U.S. Secretary of Agriculture Sonny Perdue Aug. 30 expressed his strong support for President Trump’s tax reform agenda as a great benefit to the American agriculture community. Perdue issued the following statement:

“Just as he has done with excessive and costly regulations, President Trump has focused on the problem of onerous and burdensome taxes. Most agricultural operations are, in fact, small businesses, and the time and costs associated with merely complying with the tax code are impeding American prosperity. Farming is a complex enterprise, as even the smallest operations know, so the attention and financial resources that are diverted to handling taxes are an extra barrier to success.

“People should be able to keep more of what they have earned through the sweat of their brows, which will also invigorate the entire United States economy. The Death Tax is one section of the code that is particularly offensive to agriculture, as too many family farms have had to be broken up or sold off to pay the tax bill. The president’s tax reform package will be of great benefit to agriculture and help improve rural prosperity.”
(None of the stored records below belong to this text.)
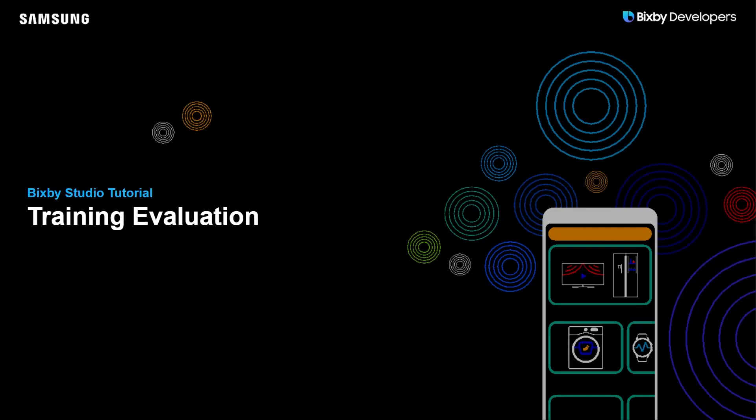Hey there Bixby Developers! Today we're going to be taking a look at a fresh new feature called Training Evaluation in Bixby Studio.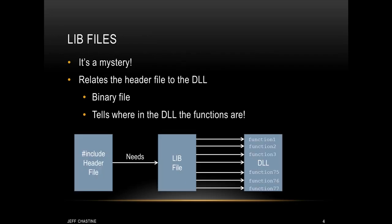Alright, so a lot of people are still mystified by lib files or library files. All this does is relate the header file to the DLL. A lib file is a binary file, and it tells where inside the DLL that we can find the functions. So for example, in the image here, if we pound include a header file, it needs a lib file so that when we compile it, we know where inside the DLL to find functions. And then during runtime, it knows exactly where to look inside that DLL for those functions.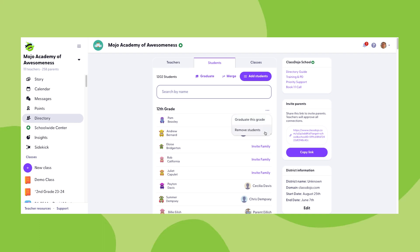Removing a student from the school removes all of the former school story posts from the family's feed. The student cannot be reconnected, and this cannot be undone.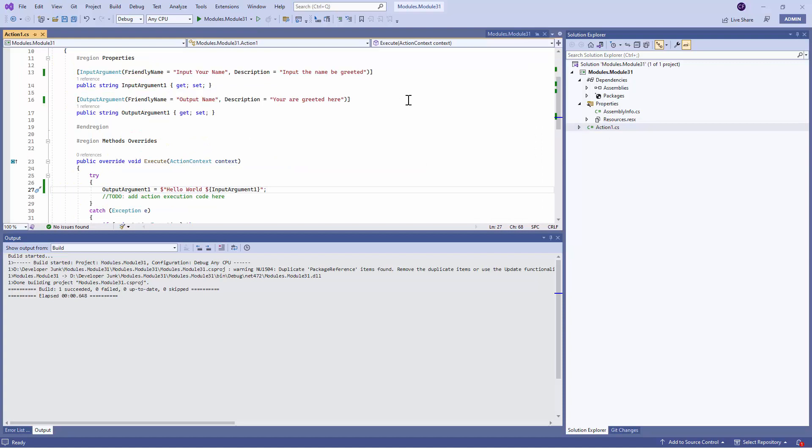So now that your Hello World code is ready, in the next block, in the next video, I will show you how you can package this code and upload this code into your Power Automate Cloud or Power Automate Online Portal.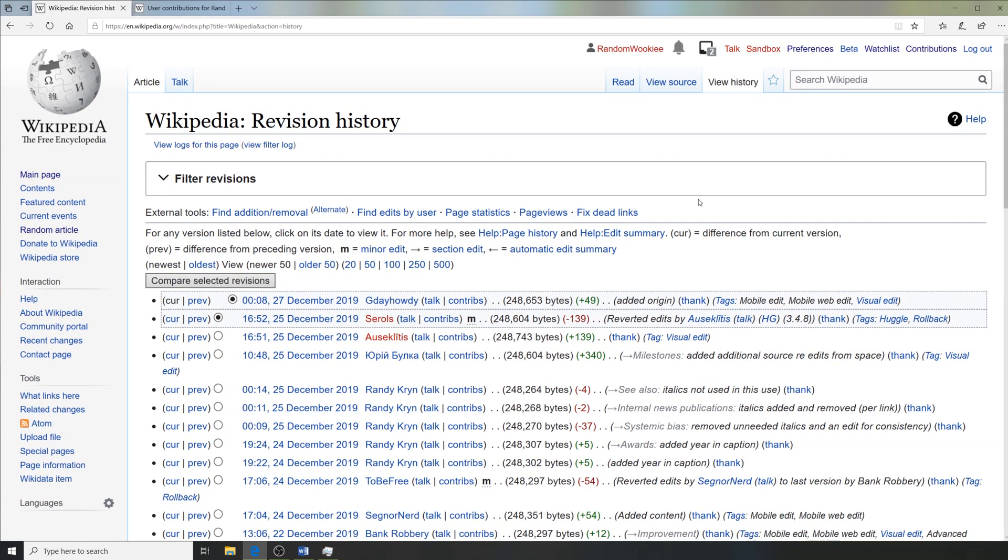All righty, that sums up some of the buttons on Wikipedia. We'll come back next time for some actual editing.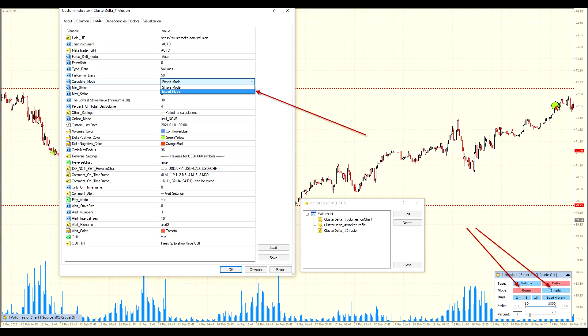A trader can allow the indicator to adjust to the market on its own — Advanced mode — or adjust the indicator sensitivity manually — Simple mode.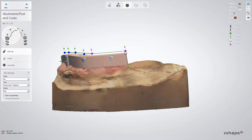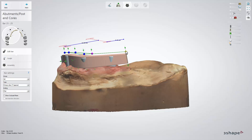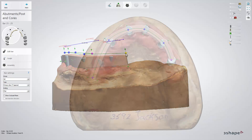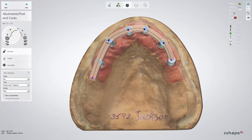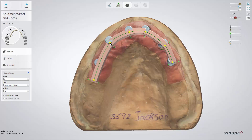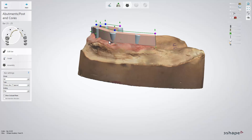You can also adjust the bar width, angulation, and height. The blue and purple control points allow you to do this in multiple directions, whereas the green ones only in directions shown by vectors. If you press Shift and click a control point, you will be able to move all points in a given direction.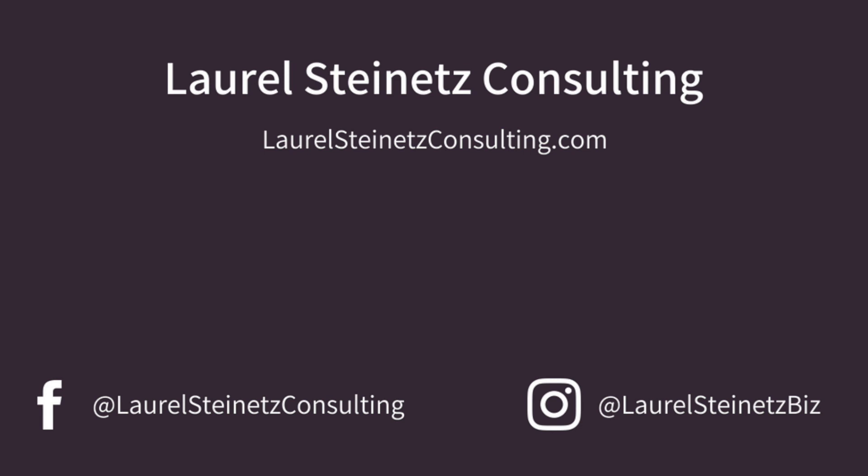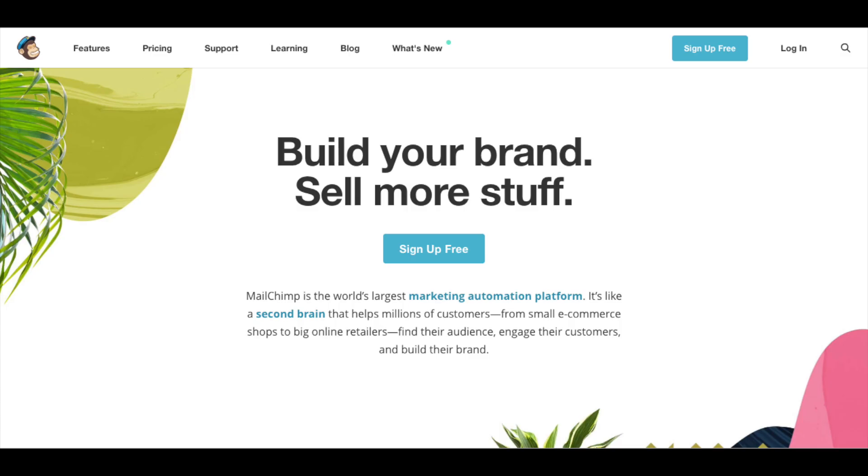Hey there, my name is Laurel Steinitz. I run a marketing firm called Laurel Steinitz Consulting and most of my work is teaching people how to use the software that will make their lives easier.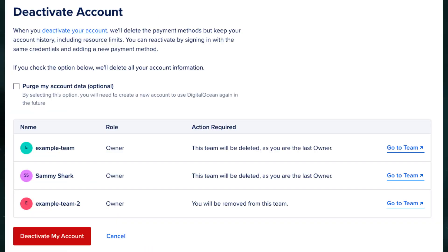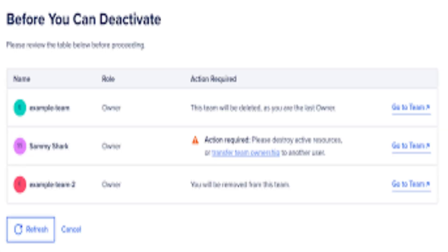Go to the 'My Account' page, then look for the 'Deactivate Account' section and click it. Depending on whether you are a sole user, part of a team, or the owner of a team, you will be taken to the next step.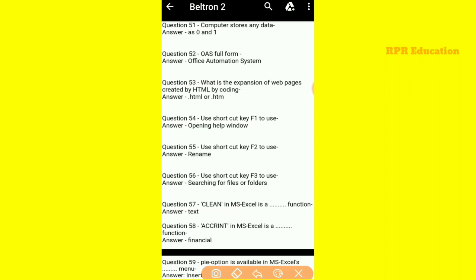Our first question is: computer stores any data in which form? That is 0 and 1.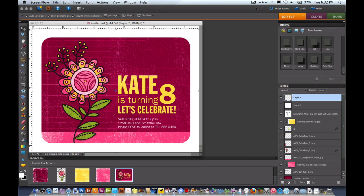Hi everyone. Welcome to another digital class at BasicWrite.com. For this week's class we're going to be creating a party invitation.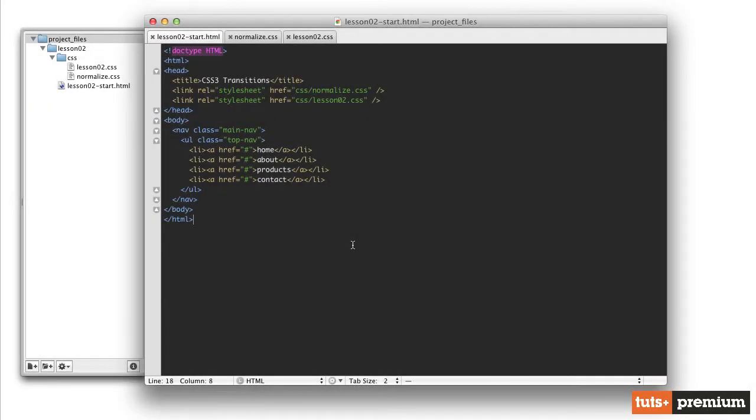Hello and welcome back to CSS3 Transitions. In this video, we're going to talk about the basics of a transition in CSS and how that works. Now there are two different types of animations in CSS3.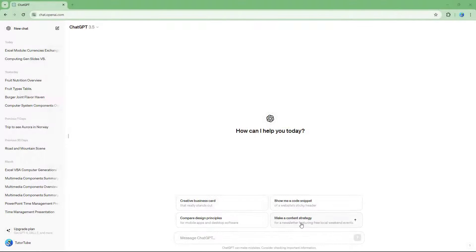You can also tell ChatGPT to generate Microsoft Word documents. To do that, in the prompt, I'm going to first explain what I want it to generate content of.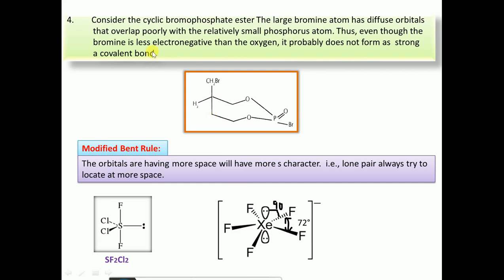The fourth application of Bent's rule covers an exception: in cyclic bromophosphate esters, bromine occupies the axial position rather than oxygen, even though oxygen is more electronegative. This exception exists because bromine has diffuse orbitals that allow poor overlap, so despite being less electronegative, bromine occupies the axial position rather than equatorial.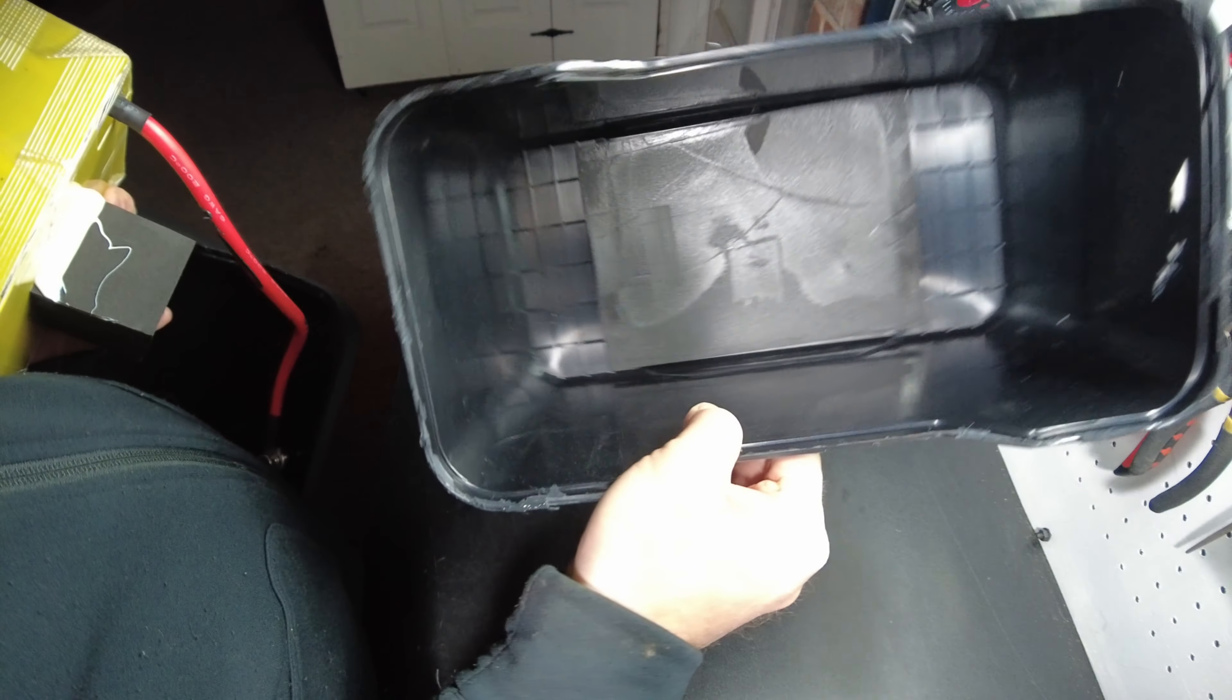So we do in fact have low-temperature protection. Very nice. We warmed it back up and we're back to charging.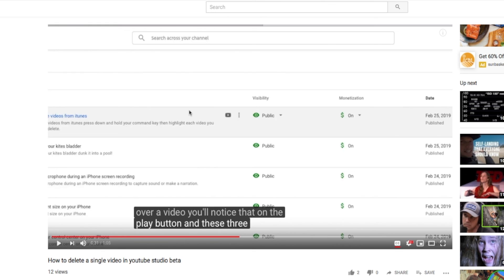That's how you look at closed captions. If you like this video, please subscribe to my channel and check out all my other awesome videos on YouTube Studio Beta.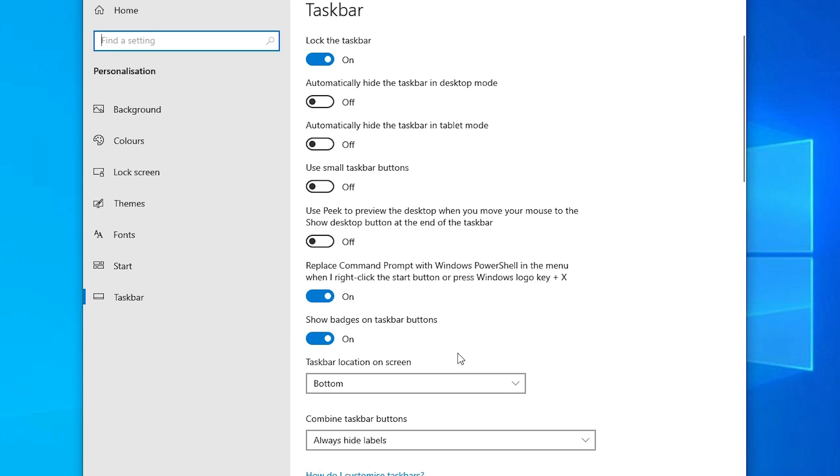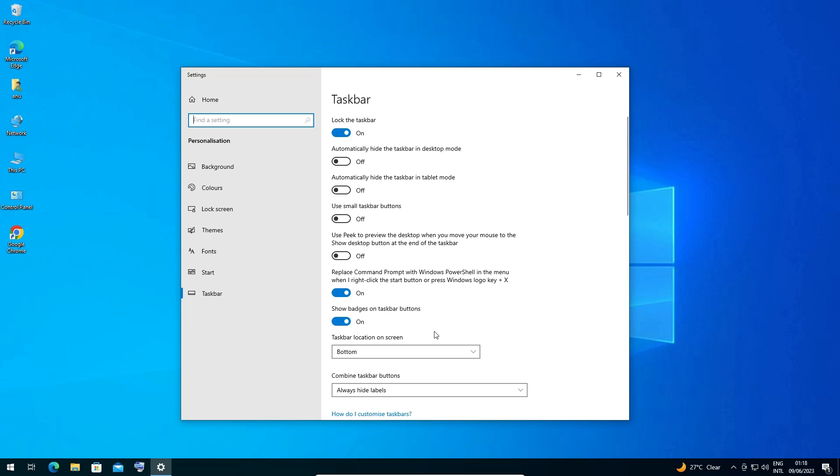So guys, this is the simplest way to reset taskbar default settings in a Windows 10 PC or laptop. Thank you for watching this video. Don't forget to like, share, comment on this video and don't forget to subscribe to the channel.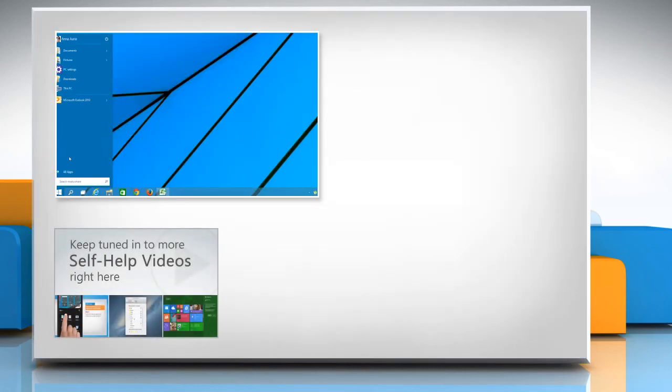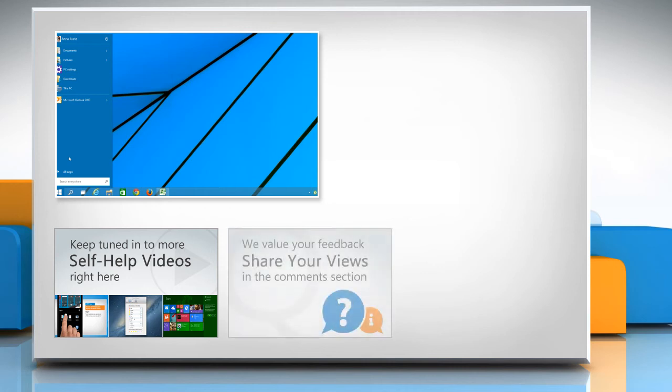Check out our iYogi channel for self-help videos on Windows, Mac, Smartphones, Security, Social Media and much more.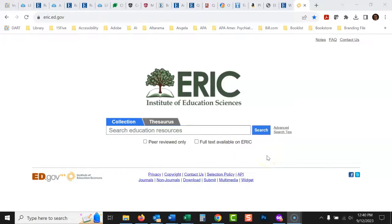Today we're going to talk about how to search the education database ERIC. ERIC is great if you're doing education research because it only covers education research. In a typical library or professional database you have to specify 'education' or 'school' in your search, but in ERIC everything is education by default. So if that's the kind of research you're doing, this would definitely be my go-to.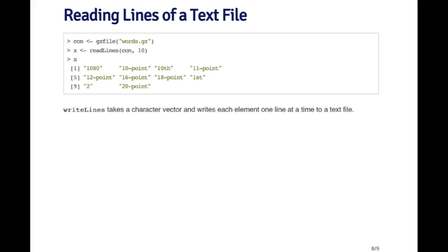However, sometimes a connection can be useful if you want to read parts of a file. So for example, here I've got the read lines function, which just reads lines from a text file. I'm going to open up this words.gz file. This is a file that has words in it, like a dictionary file.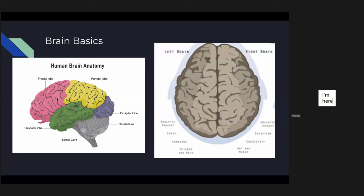Each part serves specific functions that are very interesting. The pink part right here is really the front, and as the name suggests it's called the frontal lobe. It is really the boss of the brain because the prefrontal cortex lays in this area — responsible for the executive functions, deciding what we do and what we don't do. It also controls emotion and serves cognitive functions.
Texans Should Watch for Fraud, Scams
in Wake of Hurricane Harvey

Texans affected by Hurricane Harvey should be aware of unscrupulous people who may try to take advantage of them through fraud, scams and identity theft, and other criminal activity, said a Texas A&M AgriLife Extension Service specialist.

“Texans need to be aware of the potential for things like fraud, ID theft and price gouging in the aftermath of Hurricane Harvey,” said Nancy Granovsky, AgriLife Extension family economics specialist, College Station. “Unfortunately, some people look at disasters as an opportunity to take advantage of the desperation and vulnerability of those affected. While recovering from a disaster, people may not want to think about this, but it could happen so they need to be vigilant.”

According to the Texas Attorney General’s Office, a natural disaster “pulls in an army of price gougers, fly-by-night door-to-door contractors and bogus charities.” Both state and federal recovery officials are encouraging those affected by Hurricane Harvey to take steps to avoid common postdisaster fraud.

Granovsky said price gouging is illegal under the Texas Deceptive Trade Practices Act, and the state’s attorney general has already warned against profiteering during a disaster.

For more information, read the AgriLife news release online.

Ag Secretary Launches Second ‘Back to Our Roots’ RV Tour

Perdue is traveling to Connecticut, Massachusetts and New Hampshire for the second “Back to Our Roots” Tour to gather input on the 2018 Farm Bill and increasing rural prosperity. Along the way, Perdue will meet with farmers, ranchers, foresters, producers, students, governors, members of Congress, USDA employees and other stakeholders.

This second RV Tour will feature stops in three states: Connecticut, Massachusetts and New Hampshire. For social media purposes, Perdue’s Twitter account (@SecretarySonny) will be using the hashtag #BackToOurRoots.

Global Food Systems Talk set for Sept. 11
at Kansas State University

Jason Clay, the senior vice president for markets and food at the World Wildlife Fund, will be the featured speaker for the Henry C. Gardiner Global Food Systems lecture Sept. 11 at Kansas State University (K-State).

Clay’s talk, ‘Feeding the World: Sustaining the Planet,’ is scheduled for 7 p.m. at McCain Auditorium. Admission is free.

“Food production has always been the biggest human impact on the planet, but going forward with more people, more per capita income and increased per capita consumption, the impacts will only increase,” Clay said. “In fact, if we do nothing differently we will need to produce twice as much food to meet the increased demand by 2050.”

The question, Clay said, is how to produce more food with less land, less water and less agricultural inputs.

“We need to find ways to intensify production, but do it sustainably,” he said.

Clay has previously operated a family farm, taught at Harvard and Yale, worked at the USDA, and spent more than 35 years working with non-governmental organizations.